While the question of ‘fair value’ has not been dealt with in Bermuda in the same level of detail as it has been in the BVI and the Cayman Islands, there have been cases that have advanced through the Bermudian courts that have considered (albeit to a lesser degree) the question of what constitutes ‘fair value’. Principally, the issue was touched upon in Artha Master Fund, LLC v Dufry South America [2011] Bda LR 17, pursuant to which a dissenting minority shareholder, Artha Master Fund, LLC, to a merger and amalgamation, sought from the Bermudian court to, among other things, appraise the ‘fair value’ of its shares in the company pursuant to section 106 of the Bermuda Act. While the Bermuda court did not in fact appraise ‘fair value’ in that case (it simply ordered that expert evidence be obtained), and the matter does not appear to have gone further through the court in a reported judgment, the court did indicate that it regarded its role as being to ‘determine whether its appraisal of the fair value is greater than the Defendant’s assessment or not’.
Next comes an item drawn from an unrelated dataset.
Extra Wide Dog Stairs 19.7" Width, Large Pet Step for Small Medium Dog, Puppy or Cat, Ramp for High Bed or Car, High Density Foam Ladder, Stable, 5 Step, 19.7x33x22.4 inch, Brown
In another case (in which the Bermuda court considered the question of ‘fair value’ in the context of a mandatory buy-out by a super majority (>95 per cent) shareholder of a super minority shareholder, Golar LNG Limited v World Nordic SE [2011] Bda LR 9, the court found that it should have regard to the ‘market value’ when considering ‘fair value’ and that while there can be no prescriptive rule regarding ‘fair value’ (it was described as ‘as much of an art as a science’), the court will have to have as much relevant information as possible before it in advance of being able to make a decision. In that case the court was happy that a ‘fair value’ in a forced buy out context could be a range of figures which are ‘fair’ on the basis of valuation reports and that a minority discount should usually apply to reflect a ‘fair value’.

Conclusion
As is hopefully apparent from the aforementioned, the BVI, Cayman Islands and Bermuda treat the question of ‘fair value’ and how it is best reached very differently. All of the jurisdictions examined in this article approach the issue on the individual facts, although each take a different starting position: a ‘clean slate’ in the BVI in which the court will be open minded as to the applicability of a minority discount; a valuation approach on the basis of no discount or premium attributable to the merger itself in the Cayman Islands; and a range of valuations applicable in which typically a minority discount will apply in Bermuda. Each jurisdiction has clearly sought to mitigate against the potential for mergers being abused. While there is no one correct way in which the ‘fair value’ can be assessed, the issue remains very live and is an extremely dynamic area of law, which will continue to challenge the courts and be built upon.